L’Agenda Interculturel m’a posé trois questions: (1) Quelle lecture doit-on faire du projet " WeLoveBxl " d’une association anversoise? (2) Quelles sont les réactions du tissu associatif de Molenbeek, y compris du Foyer ? (3) S’agit-il d’une façon détournée du gouvernement fédéral pour pousser la commune à prendre en charge les returnees et les personnes radicalisées ? J’essaie d’y répondre.
Le service Prévention
 
A Molenbeek, le service Prévention veut offrir "une aide, un soutien et un accompagnement individuel et/ou de groupe à toutes personnes, familles, institutions qui sont confrontées directement ou indirectement à la question du radicalisme violent. (…) L’approche n’est pas ciblée sur la déradicalisation mais le désengagement d’un processus identifié comme "de rupture" sociale, voire déviant, criminogène" (Olivier Vanderhaeghen, 18.12.2017).

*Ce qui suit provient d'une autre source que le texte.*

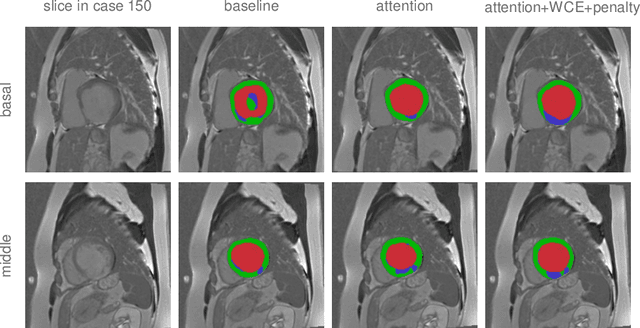 Figure 4 for Anatomy Prior Based U-net for Pathology Segmentation with Attention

Les returnees sont des gens liés au radicalisme violent. Ils font donc partie de la mission statement de la cellule Prévention.
 
La commune

Il y a quelques mois, la commune a été invitée à participer à une réunion au cabinet du ministre de l’Intérieur Jan Jambon. Présents (mais erreurs possibles de ma part) : le chef de cabinet de la bourgmestre, le coordinateur du service Prévention, les responsables anversois du projet et quelques représentants d’entreprises (qui devraient faire le relais dans le financement du projet après l’injection initiale de 100.000 euros de la part du ministre Jambon). Y avait-il aussi des gens de la Sûreté ou de l’OCAM ? Fort probable.
 
Mais même en leur absence éventuelle, il est clair qu’il y a des anciens collaborateurs de ces services à l’Intérieur. Un premier projet se profilait strictement lié à la déradicalisation. Rien d’anormal.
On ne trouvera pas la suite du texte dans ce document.